Love is a House
There is danger in believing you can make anything better. It catches up with you. Eventually you might wish you had chosen the thing the world had already made for you, finished, good enough before you got to it.
The first time I lived in a home that belonged to nobody but me and my loved ones was 2006, when we bought our first house, boards on a few windows, damage to floorboards we thought was from water but actually turned out to be dog urine. Carpet in the finished attic sticky with it. Suspect plumbing and electrical. A long back yard prone to flooding dead in the middle. Ours. Nobody else’s.

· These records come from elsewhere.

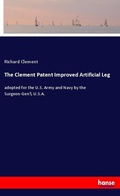 Cover: The Clement Patent Improved Artificial Leg - Hansebooks
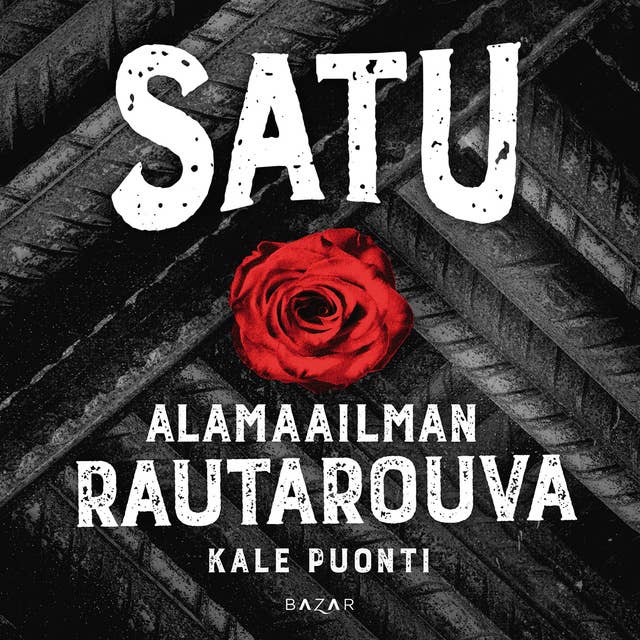 Satu – Alamaailman rautarouva 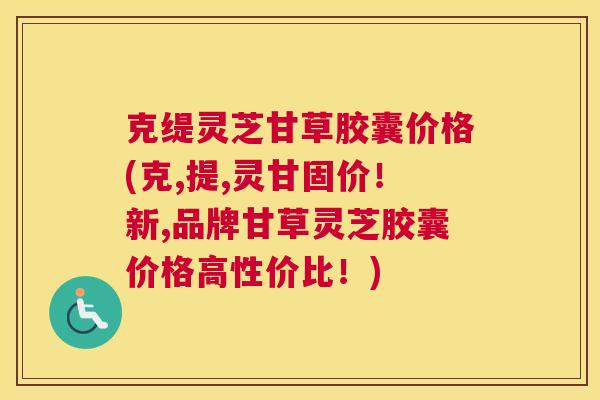 克缇灵芝甘草胶囊价格(克,提,灵甘固价！新,品牌甘草灵芝胶囊价格高性价比！)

It’s a ridiculous thing to value, having a mortgage and a deed. In so many places you might choose to live, renting is the standard, and better, choice. But in the Midwest, where I grew up, where I live now, the people you get taught to respect as a kid own homes. Those people take on a near-mythical status if you’ve never been one of them. I tell people I still live here because my sad little salary can buy me a fabulous house here, and it’s mostly the truth. I’ve also never had the money or the resources to move to a sexier, more sought-after city. And my city is fine. (My state, on the other hand…well, another time.)
And so, a house. No more contractor-beige walls, vinyl mini-blinds, strangers whose smells and parties and arguments seep into your life. We painted the rooms of that house deep earth tones and sunny yellows and sky blue. We laid natural slate tiles painstakingly across a 300-square-foot kitchen. We fixed the gitchy plumbing, the wiring that zapped us with little shocks each time we flipped the bathroom light switch. We planted fourteen trees. By the end of eleven years, the house was more beautiful than it had ever been, and I was exhausted. I couldn’t see anything when I looked around but work.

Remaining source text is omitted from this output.